Вот почему хороша «Виза времени»: в ней Эренбург достиг единства стиля и судьбы. Книга эта «экзистенциальна», но автор сумел не нарушить основной закон искусства, он избежал прямоговорения. Лиричность «Визы» прикровенна: Германия, Норвегия, Польша или те же лопари — это инкарнация душевных состояний автора. По этой же причине не ищите в «Визе» ни Германии, ни лопарей, эта книга беспредметна, мир в ней не противостоит писателю как «в-себе-бытие», но включен в иное единство — самодовлеющего авторского «я».
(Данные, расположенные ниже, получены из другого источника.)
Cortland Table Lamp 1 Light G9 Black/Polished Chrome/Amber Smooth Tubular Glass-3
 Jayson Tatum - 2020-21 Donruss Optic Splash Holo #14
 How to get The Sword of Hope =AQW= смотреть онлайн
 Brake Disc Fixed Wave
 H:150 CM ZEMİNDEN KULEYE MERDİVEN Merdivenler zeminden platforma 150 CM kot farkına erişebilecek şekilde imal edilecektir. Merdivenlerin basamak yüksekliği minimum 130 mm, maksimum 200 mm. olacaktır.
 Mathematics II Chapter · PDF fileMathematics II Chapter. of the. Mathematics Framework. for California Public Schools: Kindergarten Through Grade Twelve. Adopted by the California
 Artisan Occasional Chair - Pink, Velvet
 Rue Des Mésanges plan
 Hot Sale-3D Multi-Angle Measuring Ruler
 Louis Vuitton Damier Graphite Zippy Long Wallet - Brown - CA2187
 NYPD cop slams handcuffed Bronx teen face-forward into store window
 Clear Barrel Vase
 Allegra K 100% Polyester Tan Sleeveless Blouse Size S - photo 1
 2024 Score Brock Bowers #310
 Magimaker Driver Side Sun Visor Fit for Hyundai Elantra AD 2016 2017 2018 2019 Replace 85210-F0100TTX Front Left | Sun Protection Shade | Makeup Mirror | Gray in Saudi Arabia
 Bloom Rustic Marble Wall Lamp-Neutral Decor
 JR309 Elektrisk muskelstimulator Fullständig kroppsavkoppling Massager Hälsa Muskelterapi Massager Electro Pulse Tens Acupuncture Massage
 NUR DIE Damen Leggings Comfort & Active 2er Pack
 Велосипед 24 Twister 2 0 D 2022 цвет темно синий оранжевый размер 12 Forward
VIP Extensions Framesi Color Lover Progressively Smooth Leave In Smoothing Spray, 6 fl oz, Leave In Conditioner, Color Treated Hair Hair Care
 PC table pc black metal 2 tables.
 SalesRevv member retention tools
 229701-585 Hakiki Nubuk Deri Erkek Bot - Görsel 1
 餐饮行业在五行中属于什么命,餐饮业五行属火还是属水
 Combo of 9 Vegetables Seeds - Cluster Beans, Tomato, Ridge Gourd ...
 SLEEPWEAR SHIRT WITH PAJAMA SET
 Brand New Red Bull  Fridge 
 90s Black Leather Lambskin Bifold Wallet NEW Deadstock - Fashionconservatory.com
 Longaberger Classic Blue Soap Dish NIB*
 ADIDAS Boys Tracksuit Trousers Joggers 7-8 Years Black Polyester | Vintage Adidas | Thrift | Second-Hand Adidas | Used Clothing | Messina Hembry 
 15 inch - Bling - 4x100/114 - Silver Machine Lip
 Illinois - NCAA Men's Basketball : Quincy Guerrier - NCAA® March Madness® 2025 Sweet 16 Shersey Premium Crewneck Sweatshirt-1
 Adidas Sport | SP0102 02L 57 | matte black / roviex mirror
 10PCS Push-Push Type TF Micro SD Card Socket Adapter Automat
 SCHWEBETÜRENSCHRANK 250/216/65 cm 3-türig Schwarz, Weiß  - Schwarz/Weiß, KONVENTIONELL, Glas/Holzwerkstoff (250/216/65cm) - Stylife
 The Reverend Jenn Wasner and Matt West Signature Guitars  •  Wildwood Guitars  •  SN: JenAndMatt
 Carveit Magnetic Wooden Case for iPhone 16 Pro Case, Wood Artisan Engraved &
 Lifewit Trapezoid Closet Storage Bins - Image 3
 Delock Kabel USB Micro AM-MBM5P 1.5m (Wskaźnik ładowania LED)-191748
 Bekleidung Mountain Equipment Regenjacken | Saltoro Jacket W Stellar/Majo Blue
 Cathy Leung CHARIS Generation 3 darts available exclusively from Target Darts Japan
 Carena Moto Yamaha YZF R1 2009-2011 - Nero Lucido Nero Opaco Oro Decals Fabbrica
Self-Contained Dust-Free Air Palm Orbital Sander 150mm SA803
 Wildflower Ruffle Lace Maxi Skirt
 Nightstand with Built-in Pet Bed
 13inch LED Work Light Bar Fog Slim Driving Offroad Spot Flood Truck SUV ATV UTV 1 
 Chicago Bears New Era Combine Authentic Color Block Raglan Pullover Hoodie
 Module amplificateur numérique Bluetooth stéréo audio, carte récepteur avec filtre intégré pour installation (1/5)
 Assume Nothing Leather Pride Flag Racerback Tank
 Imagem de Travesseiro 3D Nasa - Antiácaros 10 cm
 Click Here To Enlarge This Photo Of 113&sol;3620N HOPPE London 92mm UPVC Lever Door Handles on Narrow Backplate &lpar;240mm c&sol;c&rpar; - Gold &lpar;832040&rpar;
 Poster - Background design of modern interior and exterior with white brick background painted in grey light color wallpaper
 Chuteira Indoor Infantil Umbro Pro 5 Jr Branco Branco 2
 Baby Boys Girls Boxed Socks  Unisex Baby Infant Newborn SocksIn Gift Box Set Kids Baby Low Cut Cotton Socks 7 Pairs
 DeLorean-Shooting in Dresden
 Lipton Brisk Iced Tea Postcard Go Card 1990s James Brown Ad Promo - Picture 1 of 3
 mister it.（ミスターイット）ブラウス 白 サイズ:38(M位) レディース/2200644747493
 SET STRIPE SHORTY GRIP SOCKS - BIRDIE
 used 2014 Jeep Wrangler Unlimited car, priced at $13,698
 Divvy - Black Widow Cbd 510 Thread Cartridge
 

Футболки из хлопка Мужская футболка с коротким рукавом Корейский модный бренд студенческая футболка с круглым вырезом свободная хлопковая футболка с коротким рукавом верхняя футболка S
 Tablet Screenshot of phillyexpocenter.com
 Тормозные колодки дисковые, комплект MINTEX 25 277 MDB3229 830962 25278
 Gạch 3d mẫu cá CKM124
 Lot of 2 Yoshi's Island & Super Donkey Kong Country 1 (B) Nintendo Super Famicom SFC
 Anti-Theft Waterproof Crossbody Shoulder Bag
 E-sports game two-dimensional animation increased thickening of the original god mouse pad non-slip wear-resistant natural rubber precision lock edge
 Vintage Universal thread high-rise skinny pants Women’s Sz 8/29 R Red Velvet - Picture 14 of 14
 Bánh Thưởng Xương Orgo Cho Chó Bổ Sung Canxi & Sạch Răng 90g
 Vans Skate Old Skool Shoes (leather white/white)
Эссеистике Эренбурга, однако, не вредили никакие заимствования («Хулио Хуренито» — тоже ведь не что иное, как беллетризованная эссеистика). Мы говорим это без всякой иронии: эссеистика — литература на литературе, подобные реминисценции диктуются ее жанром. Никого не обманывала также подражательность Эренбурга-беллетриста, скорей даже веселила умных критиков (как Тынянов). Хуже было, когда Эренбург стал переписывать самого себя.
Это началось отнюдь не в мемуарах «Люди, годы, жизнь» (которые чуть ли не на девять десятых, — разбавленные водой «Книга для взрослых» и «Портреты русских поэтов»), а значительно раньше — в конце двадцатых. «Единый фронт», например, это второй, и ухудшенный, «Курбов»: Свен Ольсен, фабрикант спичек и организатор косного человечества — такой же бегущий женщин идеалист, как и спинозист с Лубянки. Конечно, интересно и в пользу автора говорит, что он понимал гомогенность технического прогресса и расстрельной практики, но иного мы и не ждали от поклонника Льва Шестова. Ирония Эренбурга как всегда на высоте: свет разума — серная спичка; он еще не знал, что эту спичку можно разжечь в водородную бомбу, несмотря на соответствующее пророчество в «Хуренито». Но что уж совсем плохо в «Едином фронте», это некое подобие Хуренито в образе международного богача еврея Вайнштейна, которого автор почему-то решил сделать пьяницей и гулякой.
«Бурная жизнь Лазика Ройтшванеца» — еще одна попытка повторить успех «Хуренито», а также опыт реабилитации в художественной практике так неосторожно обруганных польских хасидов. Эренбург еще раз попробовал себя как художник — и взял локальный материал. Это была, так сказать, попытка написать нечто на идиш. Он, несомненно, прочитал к тому времени «Хасидские легенды» Бубера, а кроме того, как явствует из мемуаров, познакомился в Париже с Башевисом-Зингером, нынешним нобелевским лауреатом. Но «Хуренито» нельзя сделать на локальном материале, поэтому Эренбург отправил своего героя путешествовать. Получилось худшее, что может быть в искусстве — смешение стилей: в парижских кафе не говорят на идиш. В мемуарах Эренбург пишет, что эту книгу называли «еврейским Швейком»; непонятно, кто и для чего это делал.